| From 7099e2e1f4d9051f31bbfa5803adf954bb5d76ef Mon Sep 17 00:00:00 2001 |
| From: =?UTF-8?q?Radim=20Kr=C4=8Dm=C3=A1=C5=99?= <rkrcmar@redhat.com> |
| Date: Fri, 4 Mar 2016 15:08:42 +0100 |
| Subject: KVM: VMX: disable PEBS before a guest entry |
| MIME-Version: 1.0 |
| Content-Type: text/plain; charset=UTF-8 |
| Content-Transfer-Encoding: 8bit |
| |
| From: Radim Krčmář <rkrcmar@redhat.com> |
| |
| commit 7099e2e1f4d9051f31bbfa5803adf954bb5d76ef upstream. |
| |
| Linux guests on Haswell (and also SandyBridge and Broadwell, at least) |
| would crash if you decided to run a host command that uses PEBS, like |
| perf record -e 'cpu/mem-stores/pp' -a |
| |
| This happens because KVM is using VMX MSR switching to disable PEBS, but |
| SDM [2015-12] 18.4.4.4 Re-configuring PEBS Facilities explains why it |
| isn't safe: |
| When software needs to reconfigure PEBS facilities, it should allow a |
| quiescent period between stopping the prior event counting and setting |
| up a new PEBS event.
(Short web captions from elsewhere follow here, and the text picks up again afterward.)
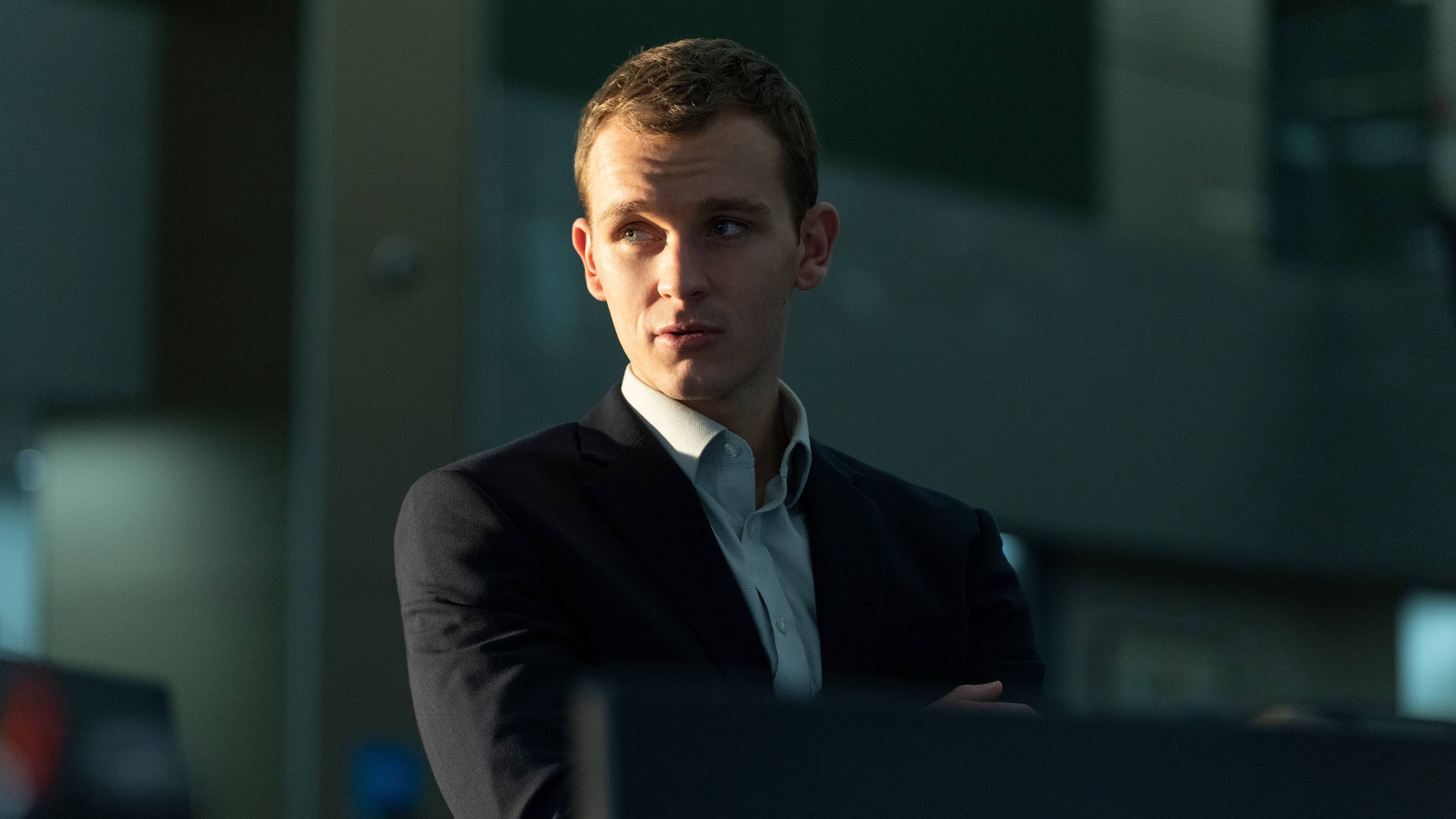 قصير إلى حد كبير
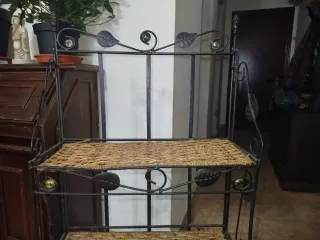 Scaffale in ferro battuto, ferro, vimini e pietre, piante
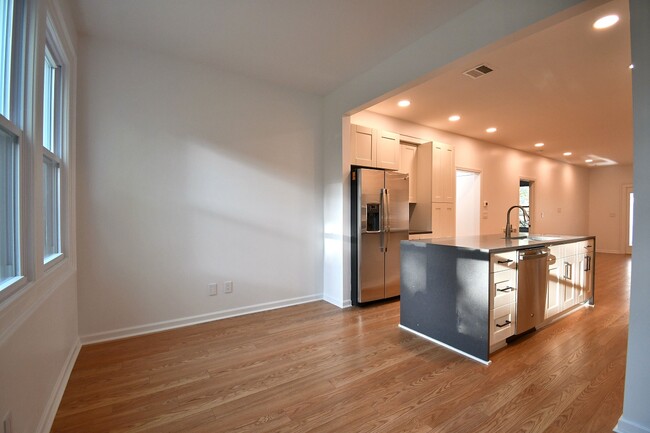 Building Photo - 695 Palisade Ave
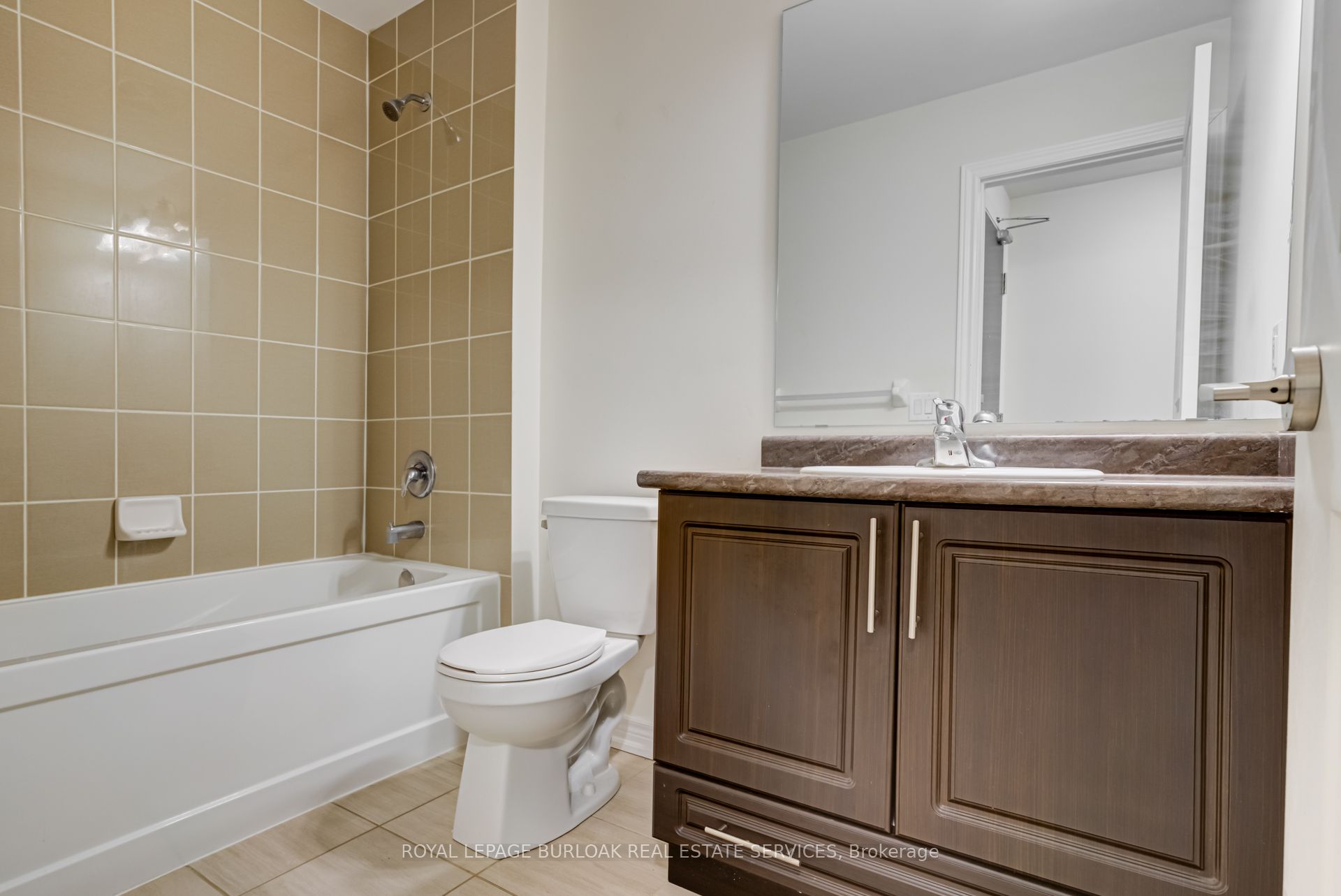 #206 - 2393 Bronte Road Property Photo 14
The quiescent period is to allow any latent |
| residual PEBS records to complete its capture at their previously |
| specified buffer address (provided by IA32_DS_AREA). |
| |
| There might not be a quiescent period after the MSR switch, so a CPU |
| ends up using host's MSR_IA32_DS_AREA to access an area in guest's |
| memory. (Or MSR switching is just buggy on some models.) |
| |
| The guest can learn something about the host this way: |
| If the guest doesn't map address pointed by MSR_IA32_DS_AREA, it results |
| in #PF where we leak host's MSR_IA32_DS_AREA through CR2. |
| |
| After that, a malicious guest can map and configure memory where |
| MSR_IA32_DS_AREA is pointing and can therefore get an output from |
| host's tracing. |
| |
| This is not a critical leak as the host must initiate with PEBS tracing |
| and I have not been able to get a record from more than one instruction |
| before vmentry in vmx_vcpu_run() (that place has most registers already |
| overwritten with guest's). |
| |
| We could disable PEBS just few instructions before vmentry, but |
| disabling it earlier shouldn't affect host tracing too much. |
| We also don't need to switch MSR_IA32_PEBS_ENABLE on VMENTRY, but that |
| optimization isn't worth its code, IMO. |
| |
| (If you are implementing PEBS for guests, be sure to handle the case |
| where both host and guest enable PEBS, because this patch doesn't.) |
| |
| Fixes: 26a4f3c08de4 ("perf/x86: disable PEBS on a guest entry.") |
| Reported-by: Jiří Olša <jolsa@redhat.com> |
| Signed-off-by: Radim Krčmář <rkrcmar@redhat.com> |
| Signed-off-by: Paolo Bonzini <pbonzini@redhat.com> |
| Signed-off-by: Greg Kroah-Hartman <gregkh@linuxfoundation.org> |
| |
| --- |
| arch/x86/kvm/vmx.c | 7 +++++++ |
| 1 file changed, 7 insertions(+) |
| |
| --- a/arch/x86/kvm/vmx.c |
| +++ b/arch/x86/kvm/vmx.c |
| @@ -1748,6 +1748,13 @@ static void add_atomic_switch_msr(struct |
| return; |
| } |
| break; |
| + case MSR_IA32_PEBS_ENABLE: |
| + /* PEBS needs a quiescent period after being disabled (to write |
| + * a record). Disabling PEBS through VMX MSR swapping doesn't |
| + * provide that period, so a CPU could write host's record into |
| + * guest's memory. |
| + */ |
| + wrmsrl(MSR_IA32_PEBS_ENABLE, 0); |
| } |
| |
| for (i = 0; i < m->nr; ++i) |